Wednesday, November 26, 2003

The Problem of Us

It has been asked, "How could there be a god when there's evil in the world?" "How could there be a god when there's pain and suffering?" As we have pointed out numerous times, these questions are incoherent. The questions, though in the guise of reason and concern, are empty and worthless because they appeal to the standard which they question, a god is being served, so the question deserves no answer.

However in a similar vein, though hopefully with less deceit, Barth turns the question around. How could a good and perfect God, who has no need of anyone or anything, create us? How could eternal Joy and Love be moved to make something outside Himself? "This is the riddle of creation." Why would perfect satisfaction be moved to make something other? How and why would this be possible? If there's any dilemma, it's this one. It's the Problem of Us. How could there be Us when there's a good and perfect God?


Monday, November 24, 2003

World Eye

I have doubts. I get vibes, I get Kantian vibes from the Christian Worldview machine. I realize that most folks simply mean that Christians need to think Christianly. And that's all well and good.
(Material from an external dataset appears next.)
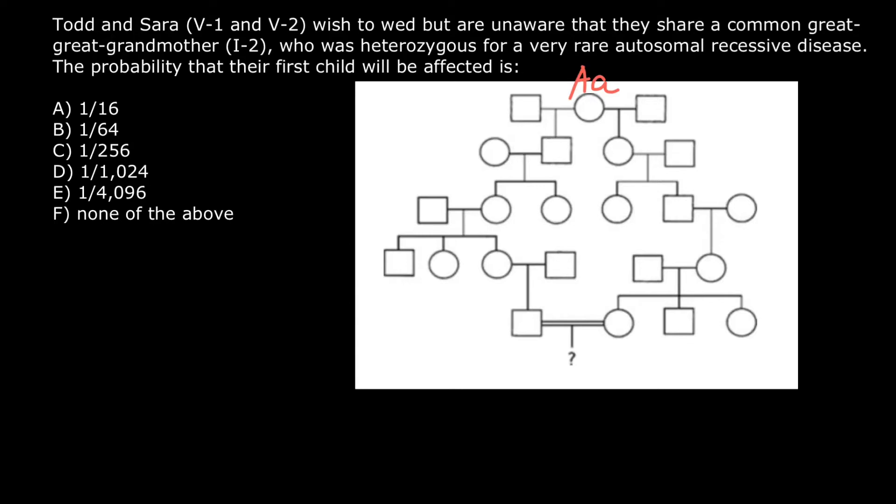Her phenotype is going to be normal, but she is going to be a carrier of this rare genetic disorder. Now I want to change color to show the other people who are unrelated to this great-great-grandmother — meaning they are not descendants. We assume they are all phenotypically and genotypically normal and have two normal dominant alleles, so the genotype is going to be capital A, capital A.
But thought does not create reality. Obviously how a man thinks influences who he is and the manner in which he is in the world, and yes, ideas do have consequences. But ideas are not the sole cause of events in the world, like many (well meaning) Christians claim. Actions are just as determinative as thought if not more so. How we pray and sing and dance and eat are just as important as how we think. We are not required to simply love God with all of our minds, but also with all of our heart, soul, and strength. In short, the history of the world isn't the result of ideas but the result of all of Creation and it's response to its Creator.


I believe in

Barth pointed out that the preposition "in" in the Apostle's Creed does not merely designate the content of our belief or the direction in which we believe (ie. the purpose or object of belief). Rather, the "in" must also include the ground from which we believe. As Christians we have been brought into the fellowship of Father, Son, and Spirit. It is from that status and location that we are even able to begin to say "I believe..." Our faith is not only "in" God in the sense that He is the object of our faith, it is also "in" God in the sense that it is the origin of our faith. The Church confesses its faith from within the Triune communion of God. "In Him we live and move and have our being" and "In Him all things consist".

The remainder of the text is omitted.